Bien. Alors passons maintenant au fameux gros et petit bétail au v. 2, c’est-à-dire en gros le bœuf et le mouton. On peut aussi amener une chèvre, mais restons-en au bœuf et au mouton pour faire simple. En fait, nous disent les rabbins, le bœuf et le mouton sont les symboles de deux civilisations, respectivement sédentaire et nomade. Le bœuf est avant tout une bête de somme pour le travail des champs, pour la production. Quant au mouton, c’est l’animal qui fournit la laine pour les vêtements. Or traditionnellement dans la Bible, ces deux civilisations, sédentaire et nomade, s’opposent : pensons à Caïn, le sédentaire cultivateur, et Abel, le berger au ch. 4 de la Genèse. Or les rabbins observent que la civilisation sédentaire est axée sur la production alors que la civilisation nomade elle, à travers la laine, travaille à habiller ce monde, c’est-à-dire, disent-ils, à lui donner une ÂME. Pour eux, cette fameuse nature animale que l’homme fait approcher de YHWH est marquée par ces deux dimensions qu’il va s’agir de réconcilier en lui pour qu’à la fois l’homme sache produire et faire fructifier la création selon le commandement de Gn 1, mais qu’il n’oublie pas pour autant d’habiller cette création de sorte qu’en s’approchant de YHWH, ces deux modes d’être humain, primitivement ennemis, puissent s’harmoniser dans la paix. C’est lorsque ces deux dimensions sont harmonisées en lui que l’homme devient véritablement ‘aDâM, et non plus seulement ‘iSh. ‘iSh, c’est l’homme brut de décoffrage que ‘ÈLoHîM crée au ch. 1 de la Genèse. C’est l’homme qui se contente de son état et qui ne cherche pas à changer : « Je suis comme ça ! Il faut me prendre comme je suis ! », comme on dit. Or l’objectif de YHWH, en créant l’homme en tant que ‘iSh, c’est que ce dernier devienne un ‘aDâM accompli, comme dit saint Paul en Éph 4, v. 13 ; à savoir cet homme qui choisit de s’approcher de YHWH ; qui travaille à UNIR SA NATURE animale à la nature divine de YHWH. Une quête à laquelle YHWH ouvre le chemin du QâRBâN, le chemin de l’Offrande !

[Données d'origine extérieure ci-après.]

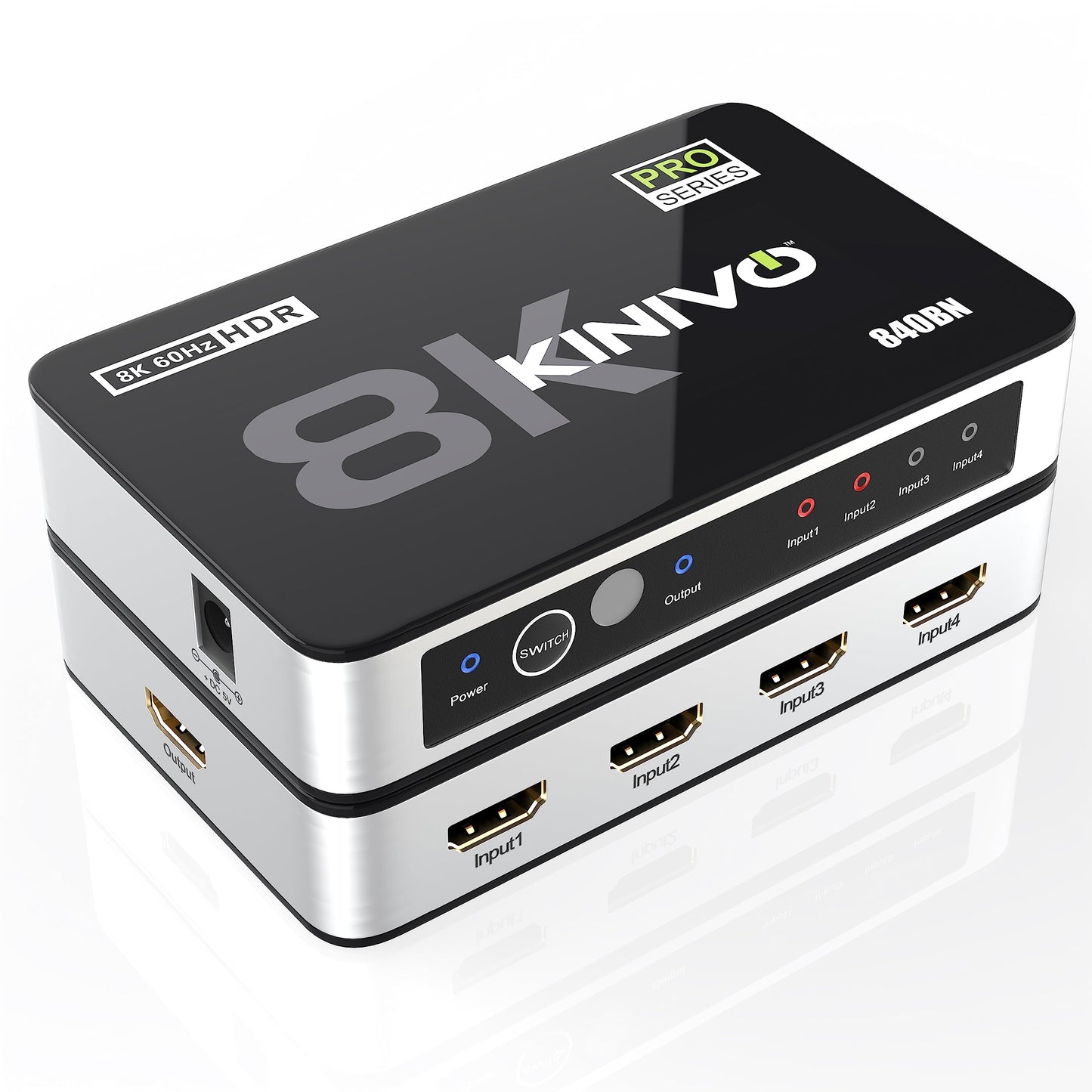 Kinivo HDMI Switch 5 in 1 Out 4K 60Hz (HDR 10, High Speed 18Gbps, IR Remote, HDCP2.2, Dolby Vision, VRR) - 550BN Switcher Compatible with Roku, PS5, Xbox, Apple TV, Nintendo Switch 2, Cable Box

Toute l’idée de CONVERSION est là. Non pas seulement au sens où d’immoral, l’homme deviendrait un être moral : pour ça, pas besoin de révélation. Il s’agit d’une CONVERSION au sens où toute l’existence vise à une plénitude au sein de la rencontre de deux être absolument différents, à savoir YHWH et ‘aDâM, tous deux en quête l’un de l’autre. Voilà : ça, c’est le cœur de l’Alliance. Du coup, sous cet aspect, le Lévitique n’est pas sur une autre trajectoire que celle du prophète Osée ou du Cantique des Cantiques : ce que vise le Lévitique, c’est l’UNION NUPTIALE entre l’homme et YHWH, ce dont l’Apocalypse annoncera l’avènement à travers les Noces éternelles de l’Agneau. Voyez : toujours ce lien indispensable entre l’univers analogique de l’AT et celui du Nouveau !

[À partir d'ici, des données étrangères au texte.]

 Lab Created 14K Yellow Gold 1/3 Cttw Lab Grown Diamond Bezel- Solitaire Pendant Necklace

Bon, tout ça est un peu compliqué je l’admets, et croyez-moi, ça n’est pas facile à expliquer en l’espace de seulement quelques minutes. Mais quoi qu’il en soit, le v. 1 prend une dimension vraiment fulgurante : VaYYiQRâ‘ ‘èL-MoShéH VaYeDaBéR YHWH = « Et Il convoqua Moïse en lui parlant ainsi, YHWH » : cette convocation n’ouvre rien de moins avec Moïse que cette voie d’APPROCHE et de RENCONTRE que permet désormais le MiShKâN. Cette convocation préside à tout le livre du Lévitique, et nos frères juifs ont donc éminemment raison de le désigner par ce mot : VaYYiQRâ‘, Et Il convoqua ! Ceci dit, à quoi convoque YHWH ? Mais à cette RENCONTRE qui nécessite de vivre en authentique ‘AdâM, c’est-à-dire habité du désir de s’approcher de YHWH comme on cherche à s’approcher d’une Source pour venir s’y abreuver. Et là, comment ne pas songer aux Psaumes : « J'ai demandé une chose au Seigneur, la seule que je cherche : habiter la maison du Seigneur tous les jours de ma vie pour admirer le Seigneur dans sa beauté et m'attacher à son Temple. » (Ps 27/26,4) Eh bien voyez : ce Psaume ne peut formuler une telle prière que GRÂCE AU LEVITIQUE qui donne à cette requête sa dimension charnelle ; qui vient l’incarner dans le concret des Offrandes.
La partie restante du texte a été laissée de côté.